Review: Terence Fisher’s The Devil Rides Out on Shout! Factory Blu-ray

The film gets a sterling Blu-ray transfer and a satisfyingly comprehensive slate of bonus features.

The Devil Rides OutChristopher Lee was Hammer Films’s most popular and versatile performer. Well, perhaps versatile isn’t quite the word for it. Even though Lee was equally effective in roles on either side of the good-evil dichotomy, he seemed uninterested in the territory of ambiguity. And again, that’s too hasty a judgment, because there’s something truly subversive about Lee’s intense way of bringing similar qualities to roles that either brandish the banner of virtue or vice.
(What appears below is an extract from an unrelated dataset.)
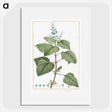 1-7_Stirpes-Novae_picture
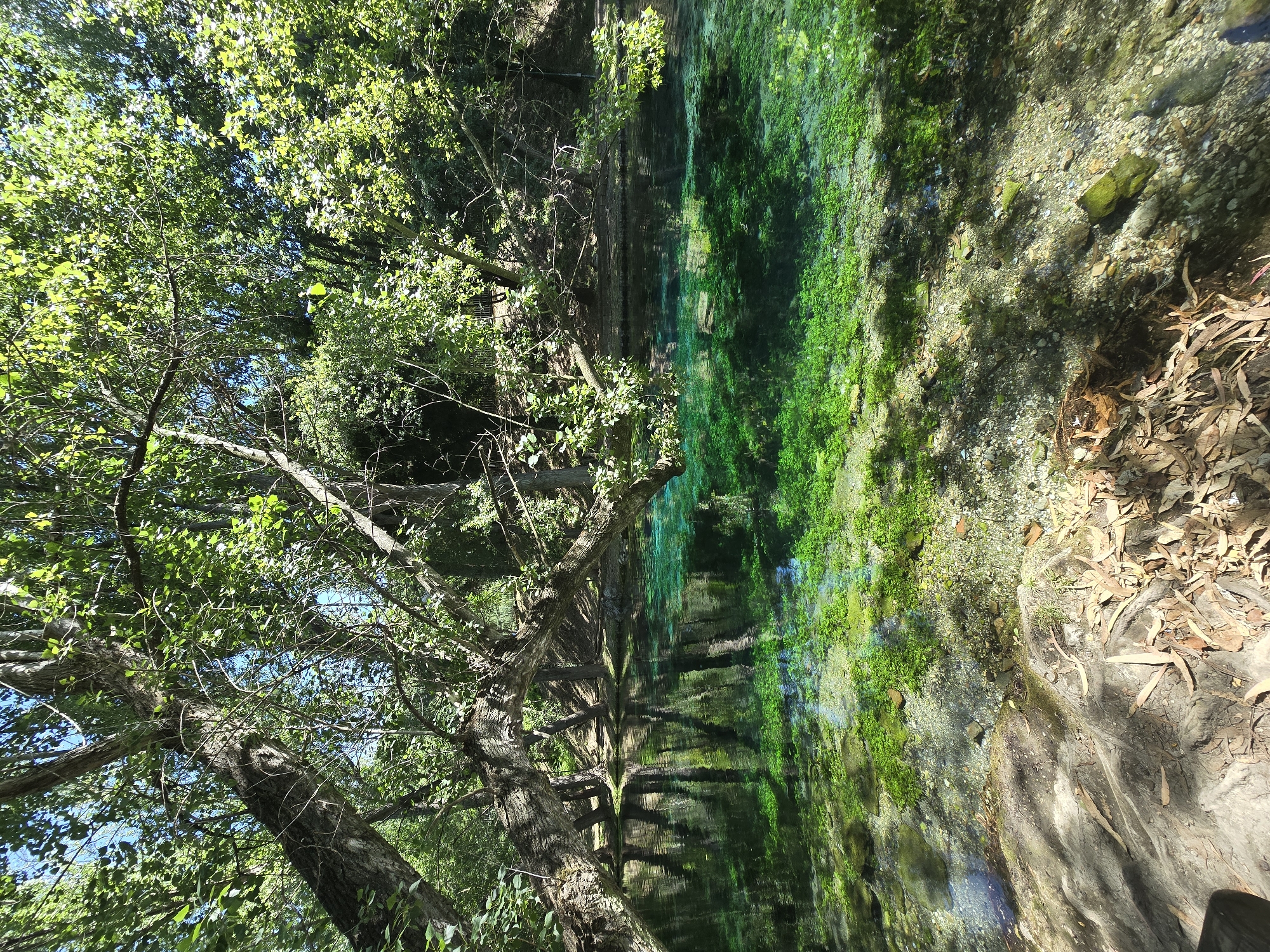 The image shows a clear, vibrant green body of water, likely a natural spring or pool, surrounded by lush vegetation. Sunlight filters through the dense canopy of trees, casting dappled shadows on the water and the rocky, leaf-strewn bank in the foreground. The water's clarity allows the aquatic plants and the sandy, pebbly bottom to be visible. The water appears still, with gentle ripples reflecting the surrounding trees and the blue sky above. The scene evokes a sense of natural beauty and tranquility. This is the Fonte della Noce, a natural spring located in San Salvatore Telesino, Benevento, Italy.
Fully capable of playing self-righteous Christian soldiers with the most granite of jaws as well as embodying the honeyed seductiveness of evil incarnate, Lee demonstrated how most continuums are less like straight lines with good and evil situated as far as possible from each other, but rather like a circle where extreme behavior is actually closest to exactly the thing it hates.
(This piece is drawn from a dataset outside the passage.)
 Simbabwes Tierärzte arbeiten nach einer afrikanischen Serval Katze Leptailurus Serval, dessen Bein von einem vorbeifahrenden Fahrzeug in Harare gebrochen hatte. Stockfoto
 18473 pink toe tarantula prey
Take Terence Fisher’s The Devil Rides Out, where Lee plays the Duc de Richleau, a modern-day warrior-saint against a cult of Satanists (led by the always silken Charles Gray) out to ensnare his surrogate son, Simon (Patrick Mower). From the first scene, where de Richleau arrives to meet their mutual friend, the skeptical Rex Van Ryn (Leon Greene), at an airstrip, Lee seems to be sniffing out the evil. Arriving at Simon’s mansion that evening, his eyes are immediately drawn to the astrology observatory. When his suspicions are confirmed (the group of pagans have gathered in the living room and Simon begs de Richleau and Van Ryn to call on him another evening because they’re interrupting his “society meeting”), Lee books it to the observatory and almost instinctively knows where to find the sacrificial roosters.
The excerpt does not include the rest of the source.